The president understands something the foreign policy class forgot long ago: The world doesn’t respect apologies. It respects strength.

While the global elites in Davos tout the Great Reset, Trump is building something entirely different — a new architecture of power based on regional independence, not global dependence. His quiet campaign in the Western Hemisphere may one day be remembered as the second Monroe Doctrine.

Venezuela sits at the center of it all. It holds the world’s largest crude oil reserves — oil perfectly suited for America’s Gulf refineries. For years, China and Russia have treated Venezuela like a pawn on their chessboard, offering predatory loans in exchange for control of those resources. The result has been a corrupt, communist state sitting in our own back yard. For too long, Washington shrugged. Not any more.The naval exercises in the Caribbean, the sanctions, the patrols — they’re not about drug smugglers. They’re about evicting China from our hemisphere.

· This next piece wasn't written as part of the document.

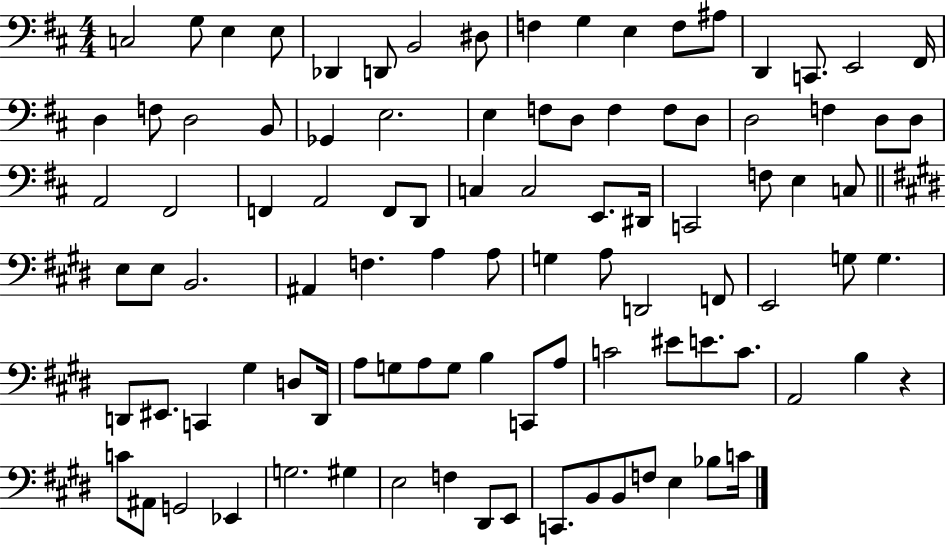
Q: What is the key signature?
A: D major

Trump is using the old “drug war” playbook to wage a new kind of war — an economic and strategic one — without firing a shot at our actual enemies. The goal is simple: Keep the hemisphere’s oil, minerals, and manufacturing within the Western family and out of Beijing’s hands.

Beyond Venezuela

Just east of Venezuela lies Guyana, a country most Americans couldn’t find on a map a year ago. Then ExxonMobil struck oil, and suddenly Guyana became the newest front in a quiet geopolitical contest. Washington is helping defend those offshore platforms, build radar systems, and secure undersea cables — not for charity, but for strategy. Control energy, data, and shipping lanes, and you control the future.

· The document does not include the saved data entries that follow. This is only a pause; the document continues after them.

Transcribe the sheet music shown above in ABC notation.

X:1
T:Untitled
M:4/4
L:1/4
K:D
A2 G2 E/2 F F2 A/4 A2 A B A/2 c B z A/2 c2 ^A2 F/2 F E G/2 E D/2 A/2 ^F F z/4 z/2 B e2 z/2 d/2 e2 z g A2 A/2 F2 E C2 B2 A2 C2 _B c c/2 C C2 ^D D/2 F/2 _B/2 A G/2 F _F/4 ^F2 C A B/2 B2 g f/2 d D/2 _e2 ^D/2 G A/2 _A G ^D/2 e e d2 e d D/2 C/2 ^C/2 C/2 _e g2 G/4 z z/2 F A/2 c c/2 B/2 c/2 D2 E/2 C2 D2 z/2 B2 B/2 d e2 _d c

Moreover, Colombia — a country once defined by cartels — is now positioned as the hinge between two oceans and two continents. It guards the Panama Canal and sits atop rare-earth minerals every modern economy needs. Decades of American presence there weren’t just about cocaine interdiction; they were about maintaining leverage over the arteries of global trade. Trump sees that clearly.

PEDRO MATTEY / Contributor | Getty Images

All of these recent news items — from the military drills in the Caribbean to the trade negotiations — reflect a new vision of American power. Not global policing. Not endless nation-building. It’s about strategic sovereignty.

It’s the same philosophy driving Trump’s approach to NATO, the Middle East, and Asia. We’ll stand with you — but you’ll stand on your own two feet. The days of American taxpayers funding global security while our own borders collapse are over.

Trump’s Monroe Doctrine

Critics will call it “isolationism.” It isn’t. It’s realism. It’s recognizing that America’s strength comes not from fighting other people’s wars but from securing our own energy, our own supply lines, our own hemisphere. The first Monroe Doctrine warned foreign powers to stay out of the Americas. The second one — Trump’s — says we’ll defend them, but we’ll no longer be their bank or their babysitter.

Historians may one day mark this moment as the start of a new era — when America stopped apologizing for its own interests and started rebuilding its sovereignty, one barrel, one chip, and one border at a time.